Your assignment: The line containing "IML de Manaus" marks the end: copy exactly every line from the start of the records below up to and including it, leaving out pictures.

Source data
────────────────────────────────────────
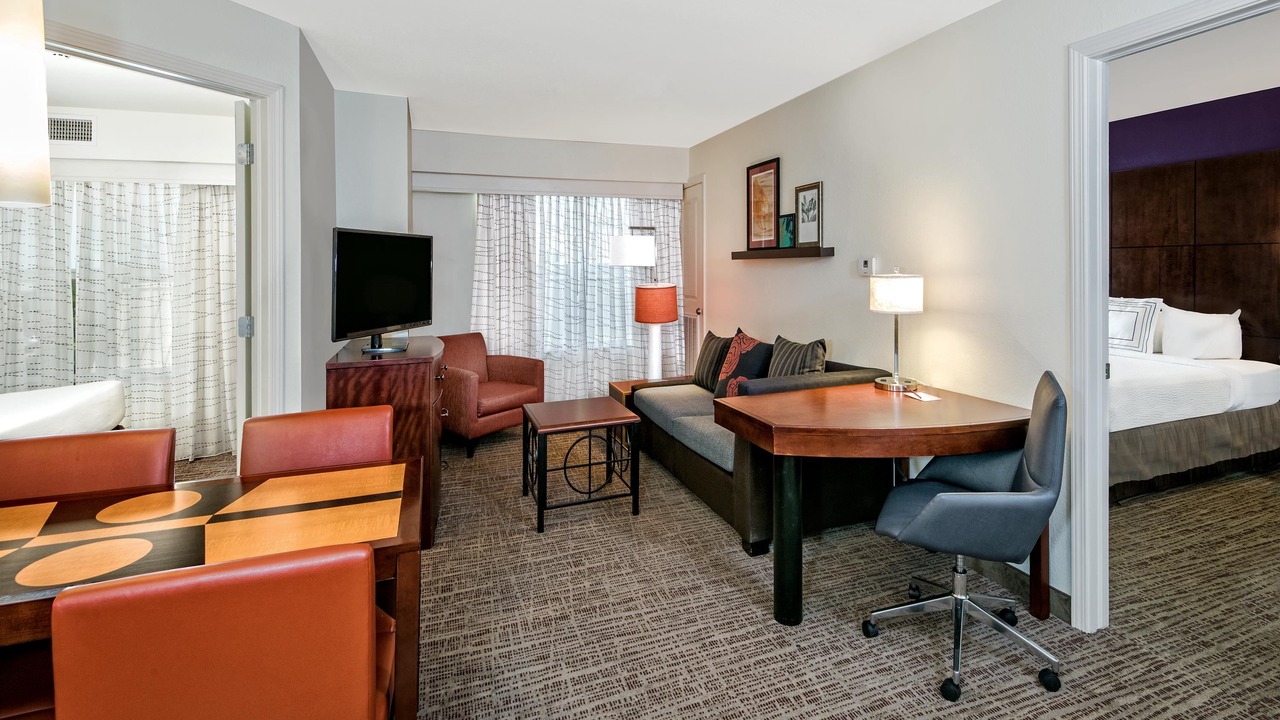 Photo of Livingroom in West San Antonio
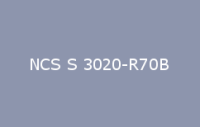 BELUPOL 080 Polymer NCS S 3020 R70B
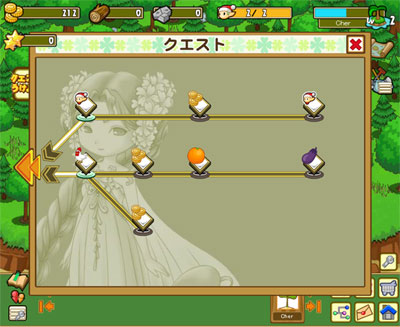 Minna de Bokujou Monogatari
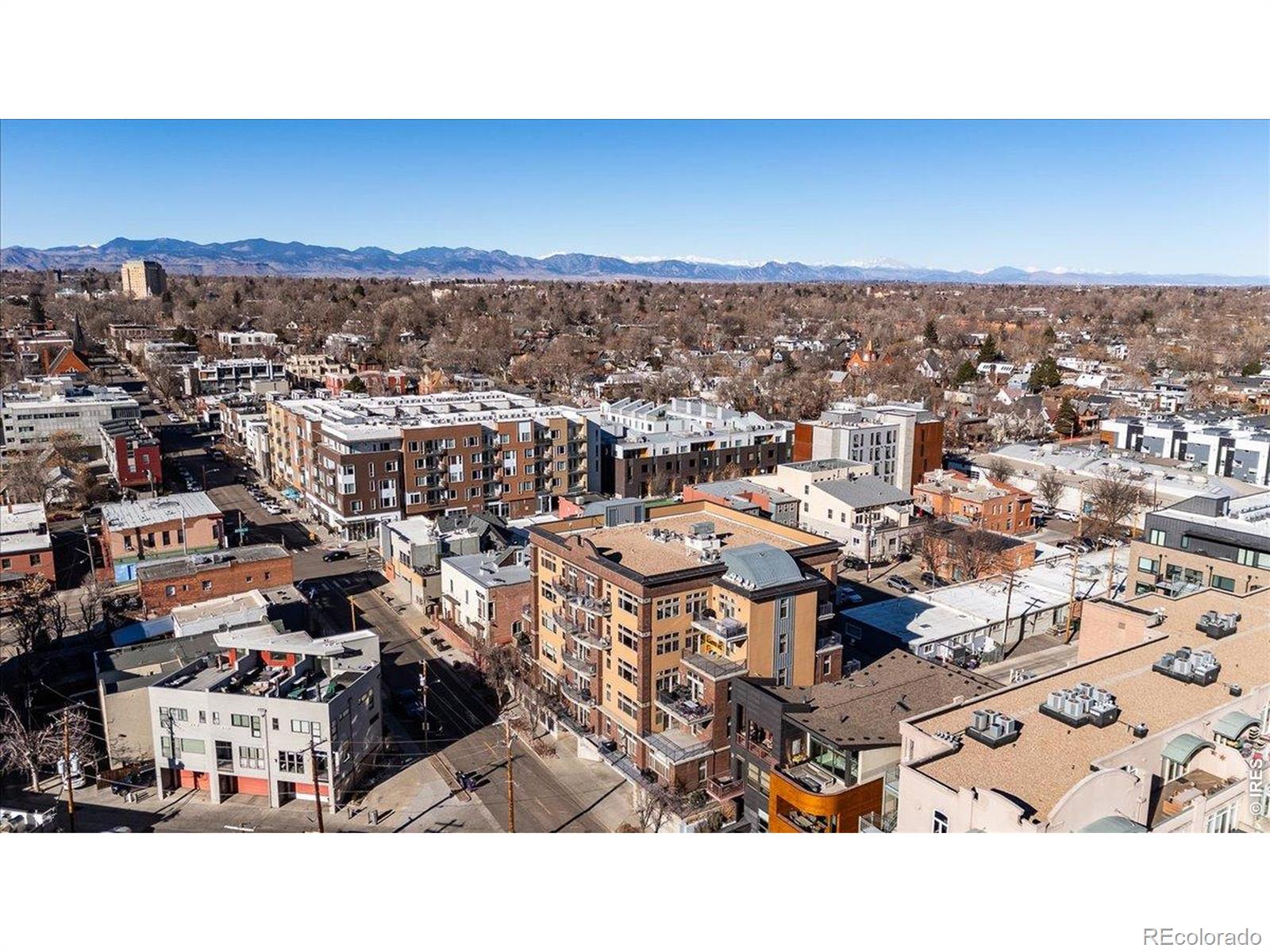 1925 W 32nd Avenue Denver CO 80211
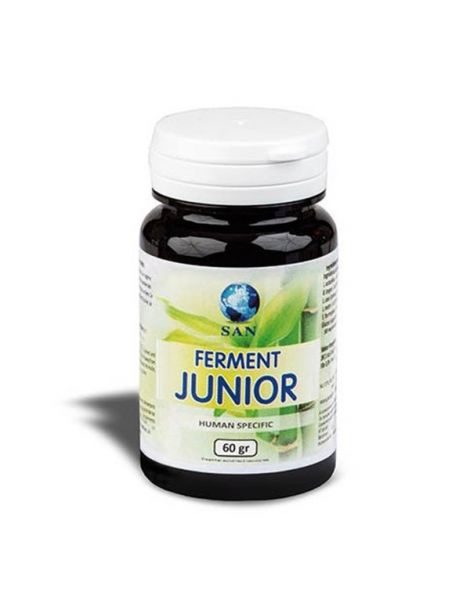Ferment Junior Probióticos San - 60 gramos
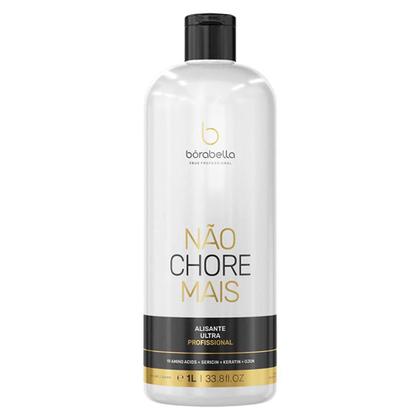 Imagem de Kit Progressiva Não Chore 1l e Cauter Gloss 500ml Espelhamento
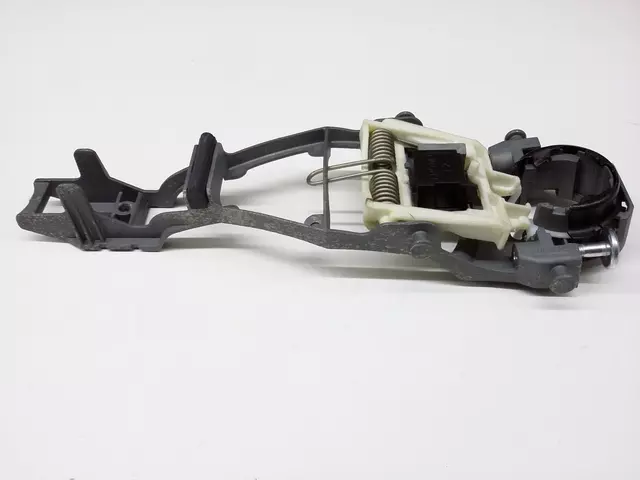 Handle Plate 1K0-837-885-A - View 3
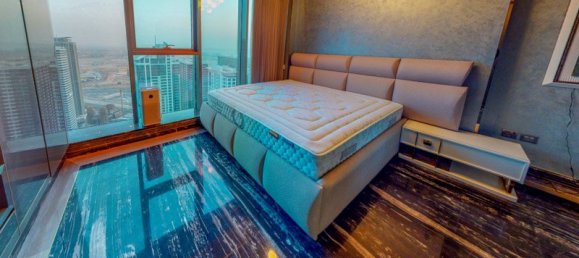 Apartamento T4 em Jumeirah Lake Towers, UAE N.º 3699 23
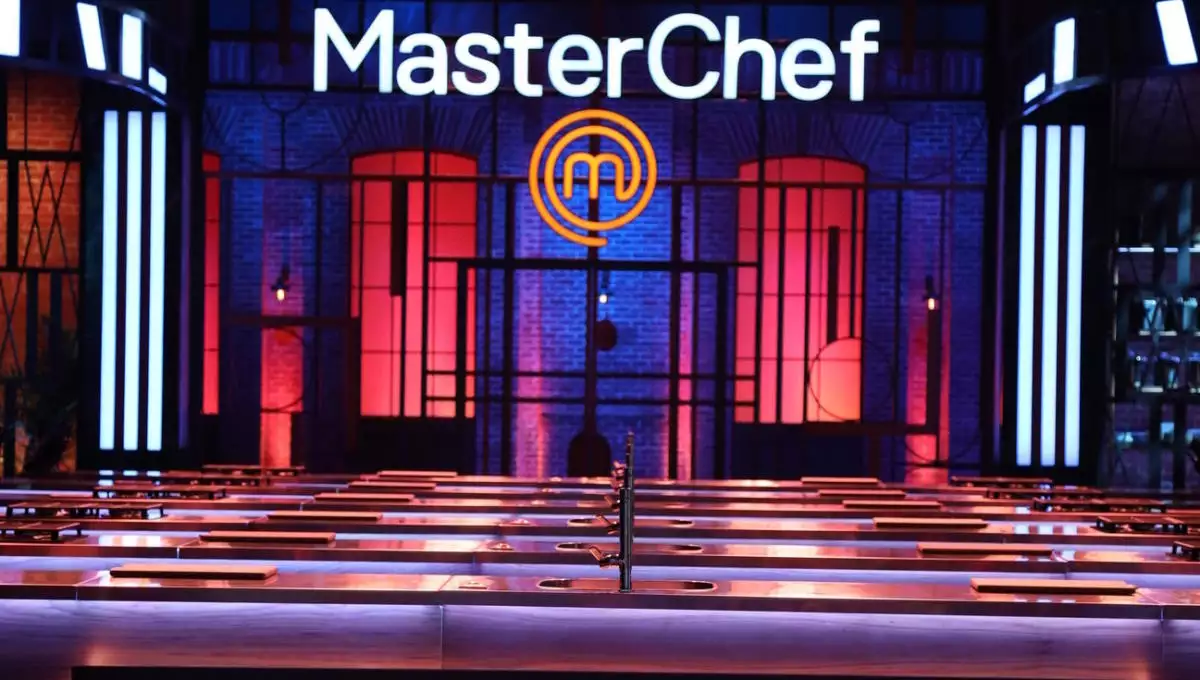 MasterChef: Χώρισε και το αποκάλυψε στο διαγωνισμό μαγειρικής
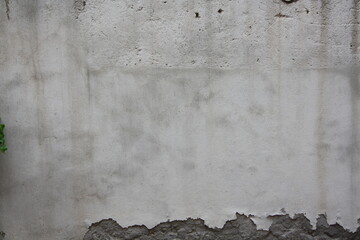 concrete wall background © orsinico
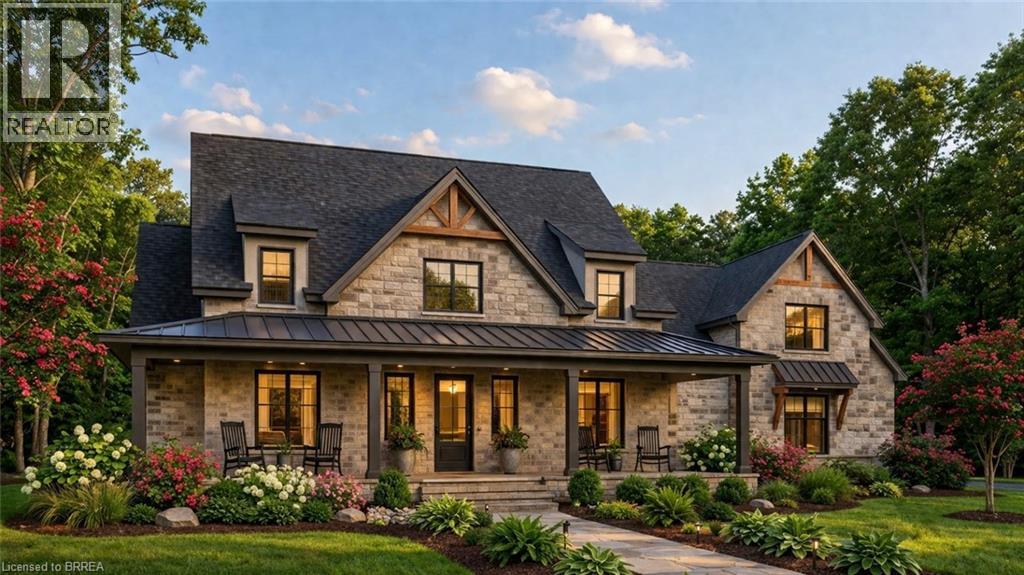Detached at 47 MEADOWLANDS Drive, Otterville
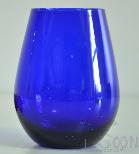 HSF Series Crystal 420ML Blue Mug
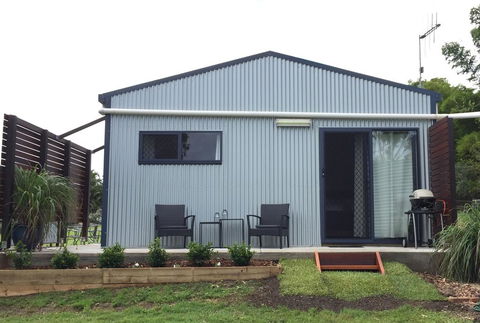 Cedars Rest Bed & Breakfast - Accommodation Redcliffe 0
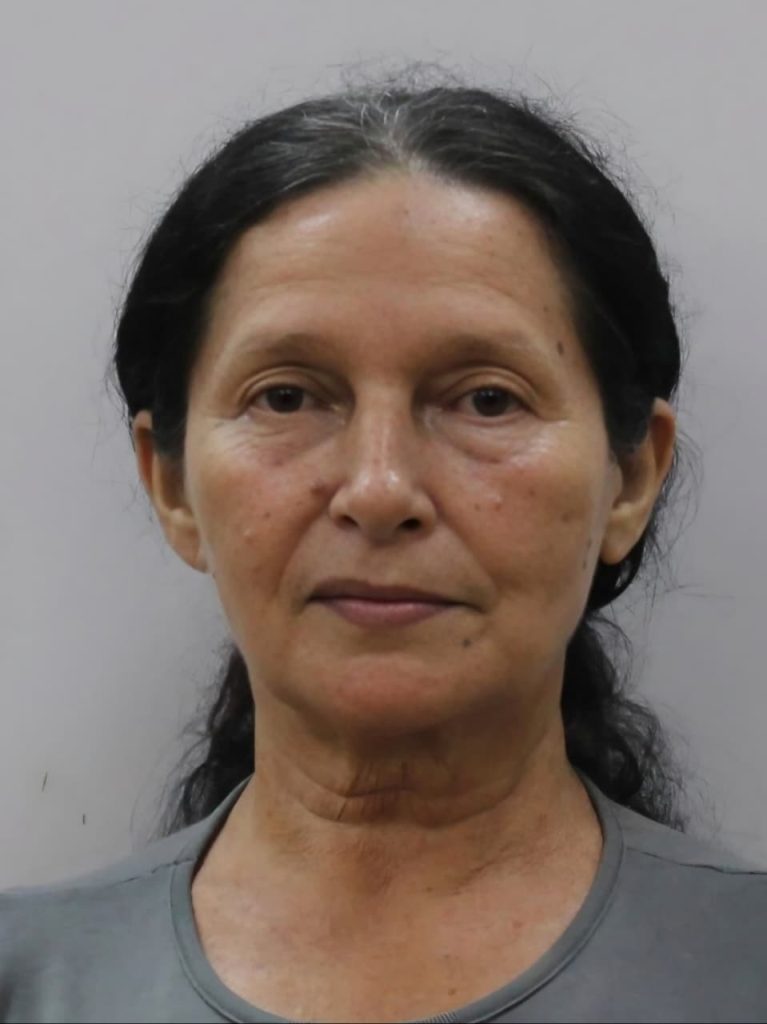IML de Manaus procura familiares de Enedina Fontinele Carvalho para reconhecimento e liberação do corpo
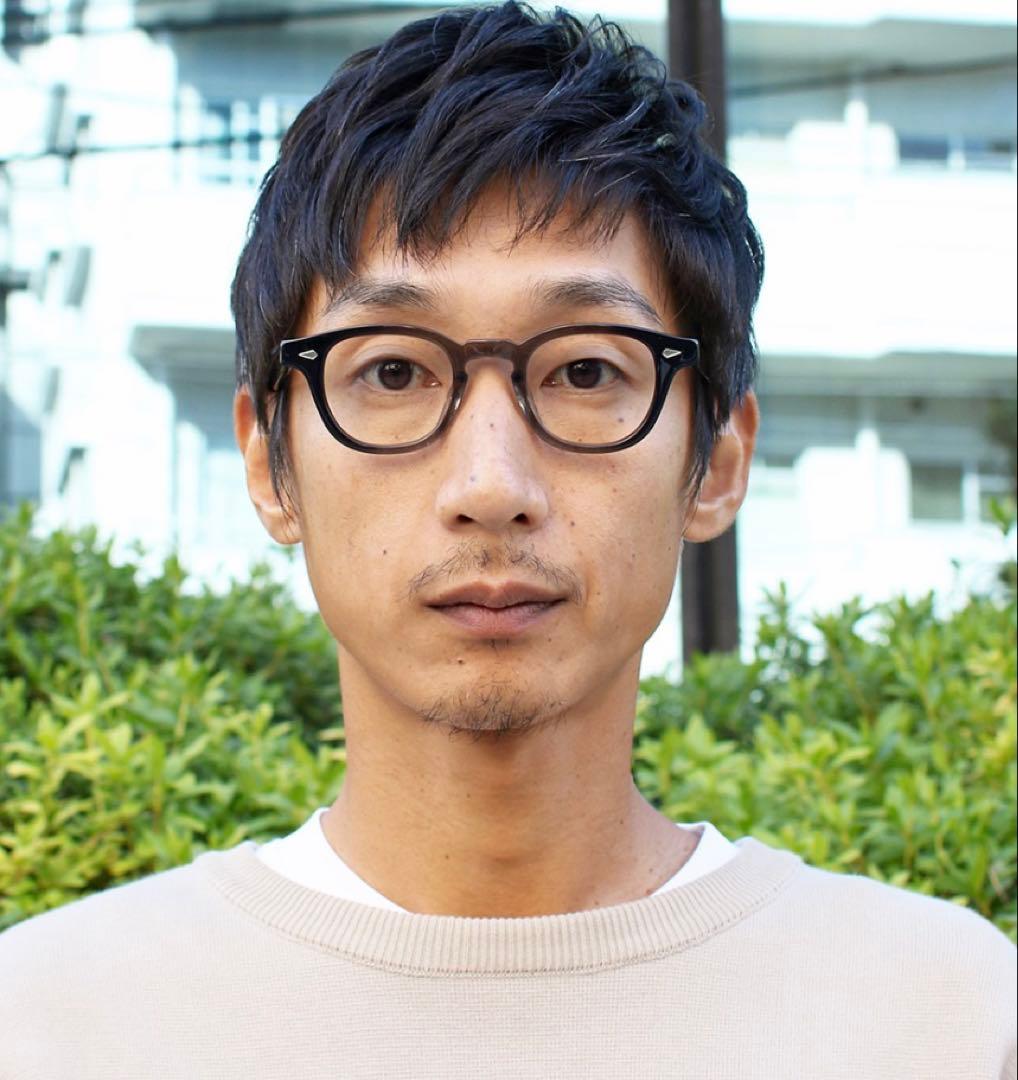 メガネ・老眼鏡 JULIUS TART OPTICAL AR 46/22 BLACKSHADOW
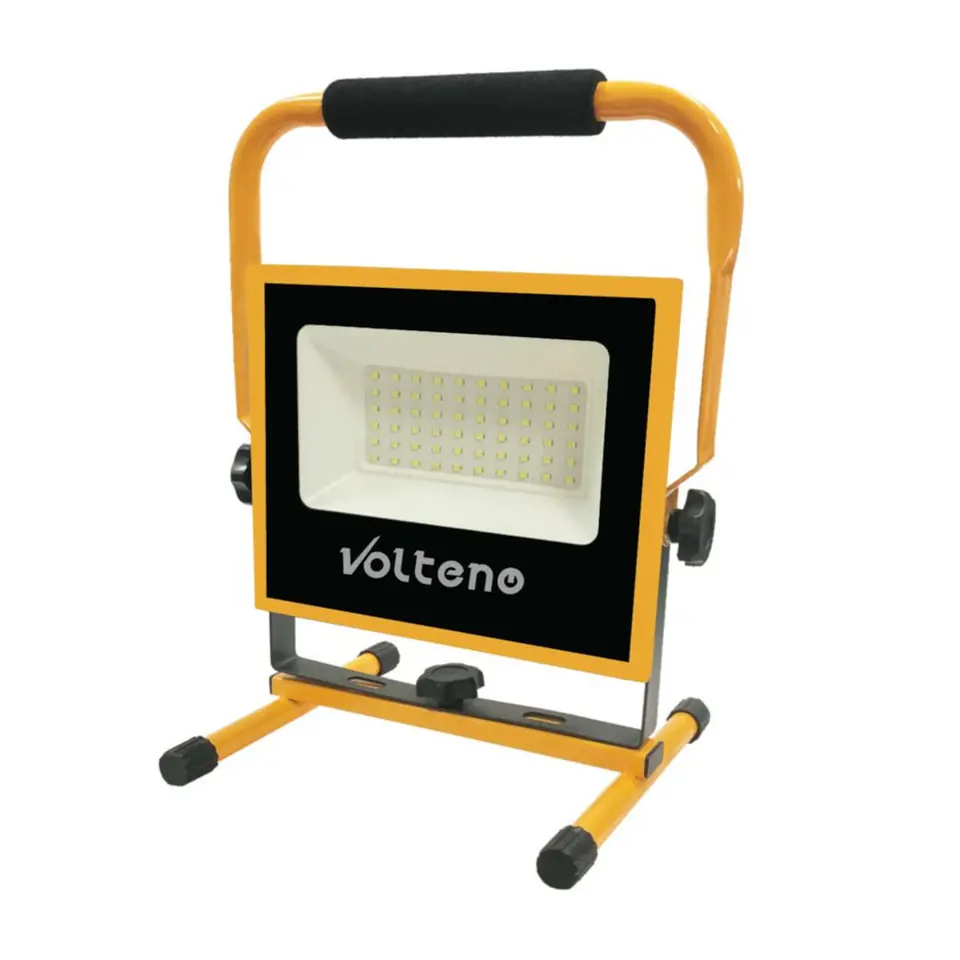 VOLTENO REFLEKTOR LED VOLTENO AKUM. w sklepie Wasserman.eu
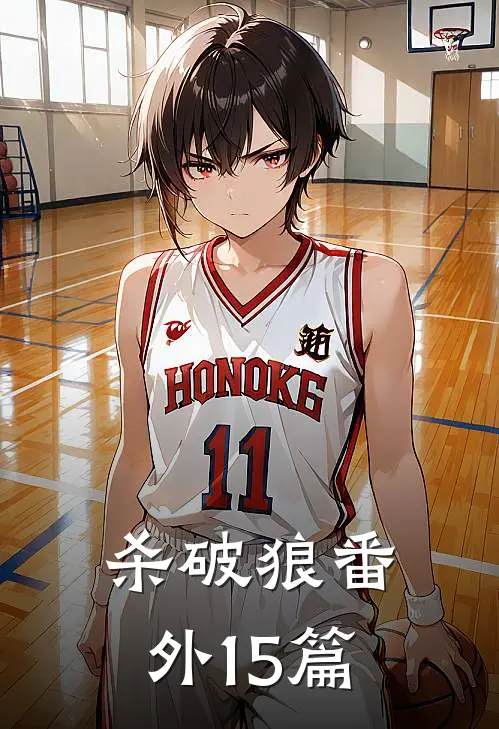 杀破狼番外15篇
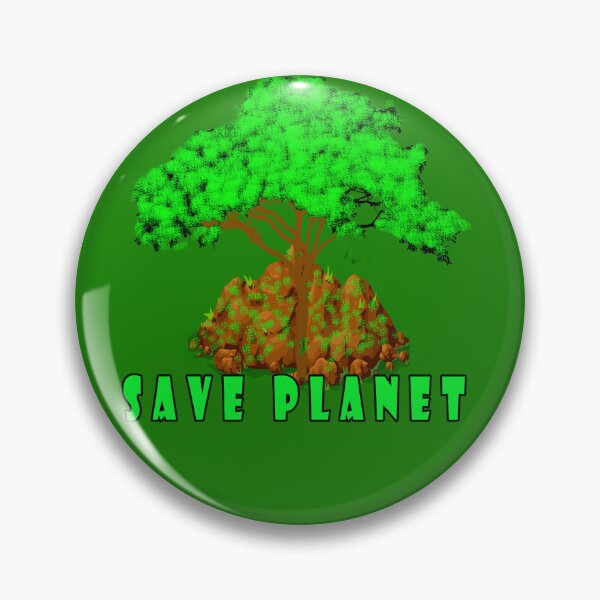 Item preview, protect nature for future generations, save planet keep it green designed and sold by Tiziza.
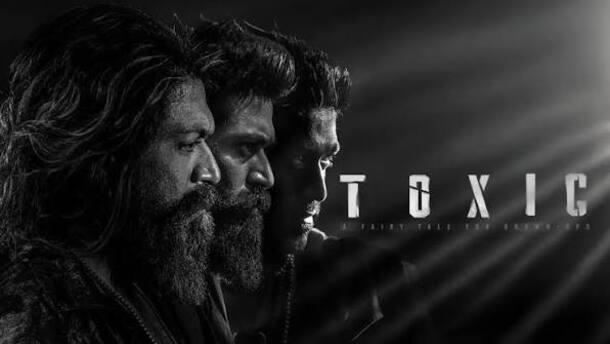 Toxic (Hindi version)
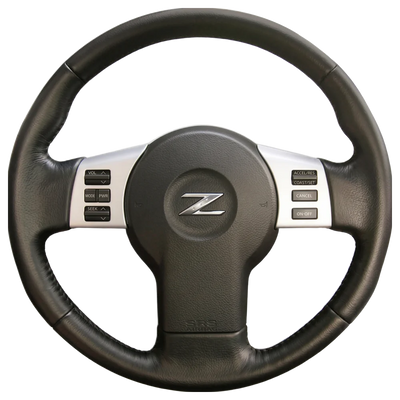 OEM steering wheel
────────────────────────────────────────
Answer box:
 Photo of Livingroom in West San Antonio
 BELUPOL 080 Polymer NCS S 3020 R70B
 Minna de Bokujou Monogatari
 1925 W 32nd Avenue Denver CO 80211
Ferment Junior Probióticos San - 60 gramos
 Imagem de Kit Progressiva Não Chore 1l e Cauter Gloss 500ml Espelhamento
 Handle Plate 1K0-837-885-A - View 3
 Apartamento T4 em Jumeirah Lake Towers, UAE N.º 3699 23
 MasterChef: Χώρισε και το αποκάλυψε στο διαγωνισμό μαγειρικής
 concrete wall background © orsinico
Detached at 47 MEADOWLANDS Drive, Otterville
 HSF Series Crystal 420ML Blue Mug
 Cedars Rest Bed & Breakfast - Accommodation Redcliffe 0
IML de Manaus procura familiares de Enedina Fontinele Carvalho para reconhecimento e liberação do corpo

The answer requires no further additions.